De nouveaux choix à adopter

Rappelant que la sécurité alimentaire représente un objectif stratégique qui va de pair avec la prospérité de l’agriculteur, Hayouni a expliqué que cette nouvelle stratégie devra mobiliser et mettre à disposition toutes les ressources et tous les moyens pour pérenniser l’activité des agriculteurs. “Il n’est plus acceptable de produire, à tout-va, n’importe où et n’importe comment. Aujourd’hui, il faut identifier les modes de production à adopter, les variétés à utiliser, les zones de production qu’il faut exploiter ou non.
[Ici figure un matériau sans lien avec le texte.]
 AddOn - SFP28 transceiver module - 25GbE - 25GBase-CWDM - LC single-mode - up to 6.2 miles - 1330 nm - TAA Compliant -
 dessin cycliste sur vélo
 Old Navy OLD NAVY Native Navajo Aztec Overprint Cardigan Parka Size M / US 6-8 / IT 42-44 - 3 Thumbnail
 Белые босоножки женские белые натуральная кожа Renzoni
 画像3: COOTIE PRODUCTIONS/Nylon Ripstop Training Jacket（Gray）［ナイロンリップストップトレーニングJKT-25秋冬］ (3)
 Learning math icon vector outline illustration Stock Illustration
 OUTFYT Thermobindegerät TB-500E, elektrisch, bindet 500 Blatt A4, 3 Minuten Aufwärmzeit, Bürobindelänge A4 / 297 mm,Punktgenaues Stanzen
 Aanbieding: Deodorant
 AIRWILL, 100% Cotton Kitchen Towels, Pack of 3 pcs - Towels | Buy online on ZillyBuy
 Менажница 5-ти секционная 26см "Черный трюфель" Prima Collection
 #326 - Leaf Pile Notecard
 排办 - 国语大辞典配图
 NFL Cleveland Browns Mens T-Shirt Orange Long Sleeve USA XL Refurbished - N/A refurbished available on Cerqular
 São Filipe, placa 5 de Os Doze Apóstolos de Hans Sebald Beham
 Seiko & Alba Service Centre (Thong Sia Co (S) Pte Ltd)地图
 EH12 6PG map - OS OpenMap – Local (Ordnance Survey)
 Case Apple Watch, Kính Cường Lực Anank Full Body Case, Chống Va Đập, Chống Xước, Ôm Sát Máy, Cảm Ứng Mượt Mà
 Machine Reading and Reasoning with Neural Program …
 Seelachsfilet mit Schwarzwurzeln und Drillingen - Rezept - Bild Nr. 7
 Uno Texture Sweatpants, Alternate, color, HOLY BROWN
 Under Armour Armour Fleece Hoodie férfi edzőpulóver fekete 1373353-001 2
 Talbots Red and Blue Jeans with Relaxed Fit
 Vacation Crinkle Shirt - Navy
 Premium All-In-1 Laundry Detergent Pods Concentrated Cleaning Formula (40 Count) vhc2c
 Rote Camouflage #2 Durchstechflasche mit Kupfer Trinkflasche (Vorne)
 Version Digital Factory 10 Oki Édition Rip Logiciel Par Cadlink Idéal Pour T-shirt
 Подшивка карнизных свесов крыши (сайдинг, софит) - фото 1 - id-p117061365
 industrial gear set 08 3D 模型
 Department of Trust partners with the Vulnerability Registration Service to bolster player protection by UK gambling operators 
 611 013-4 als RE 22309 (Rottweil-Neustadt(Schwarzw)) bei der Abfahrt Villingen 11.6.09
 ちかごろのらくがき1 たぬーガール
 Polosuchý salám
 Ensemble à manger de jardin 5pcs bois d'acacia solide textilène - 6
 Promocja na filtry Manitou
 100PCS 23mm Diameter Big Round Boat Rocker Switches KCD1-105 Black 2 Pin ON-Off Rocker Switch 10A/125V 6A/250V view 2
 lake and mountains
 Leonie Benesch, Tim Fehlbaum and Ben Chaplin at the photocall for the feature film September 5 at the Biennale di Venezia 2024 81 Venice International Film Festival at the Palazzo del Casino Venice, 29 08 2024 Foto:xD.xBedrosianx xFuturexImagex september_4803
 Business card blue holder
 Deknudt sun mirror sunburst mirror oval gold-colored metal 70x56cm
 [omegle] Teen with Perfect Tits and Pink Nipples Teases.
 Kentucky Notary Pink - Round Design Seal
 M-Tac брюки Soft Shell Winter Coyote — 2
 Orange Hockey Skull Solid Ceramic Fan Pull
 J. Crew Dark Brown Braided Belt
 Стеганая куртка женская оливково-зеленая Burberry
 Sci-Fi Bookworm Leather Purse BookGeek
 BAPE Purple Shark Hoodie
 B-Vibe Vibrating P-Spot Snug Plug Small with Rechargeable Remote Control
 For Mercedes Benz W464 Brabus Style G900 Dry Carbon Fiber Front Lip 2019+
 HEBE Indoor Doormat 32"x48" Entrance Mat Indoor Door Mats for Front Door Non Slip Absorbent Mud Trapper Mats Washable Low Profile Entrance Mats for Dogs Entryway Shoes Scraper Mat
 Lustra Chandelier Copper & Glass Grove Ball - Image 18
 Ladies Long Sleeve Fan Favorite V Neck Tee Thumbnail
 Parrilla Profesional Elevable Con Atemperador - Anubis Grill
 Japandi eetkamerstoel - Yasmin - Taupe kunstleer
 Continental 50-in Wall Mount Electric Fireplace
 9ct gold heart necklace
Et cette identification est réalisable grâce à la recherche scientifique”, a-t-elle insisté. La responsable a ajouté qu’un grand travail sera également effectué pour améliorer la gouvernance du secteur, que ce soit au niveau de l’administration, via une restructuration des institutions ou bien au niveau des groupements professionnels qui devraient jouer un rôle important dans l’appui des agriculteurs. “La sécurité alimentaire n’est pas uniquement l’affaire du ministère de l’Agriculture ou du secteur agricole. […] C’est une problématique qui concerne toute la société qui doit être consciente de cette priorité. Il est aussi grand temps de redonner ses lettres de noblesse à l’agriculteur”, a-t-elle indiqué. Et la responsable de conclure : “Pour atteindre les objectifs de cette nouvelle stratégie, il faut réunir deux conditions : la première ce sont les moyens et la deuxième c’est la volonté. Par le passé, il y avait les moyens, mais la volonté de réformer n’y était pas. Nous avons raté plusieurs occasions pour relancer notre agriculture qui aurait été plus performante et moins fragile. Aujourd’hui, la volonté de travailler, de réformer et de sauver notre agriculture est là”.

La valorisation de l’eau, cœur battant de toute nouvelle stratégie

De son côté, Ali Mhiri, expert en développement agricole et ancien professeur à l’Inat, a axé son intervention sur l’importance de la gestion de l’eau en tant que facteur déterminant dans les nouvelles stratégies de sécurité alimentaire. “Nous devons, avant tout, être conscients que notre pays est aride. Nous ne pouvons pas importer les solutions de l’étranger, mais nous devons réfléchir à nos propres solutions qui doivent être appropriées à notre position géographique et à notre environnement”, a-t-il souligné. Il a ajouté que le système de sécurité agricole qui a été instauré après l’indépendance était avant-gardiste et a fait des émules dans plusieurs pays.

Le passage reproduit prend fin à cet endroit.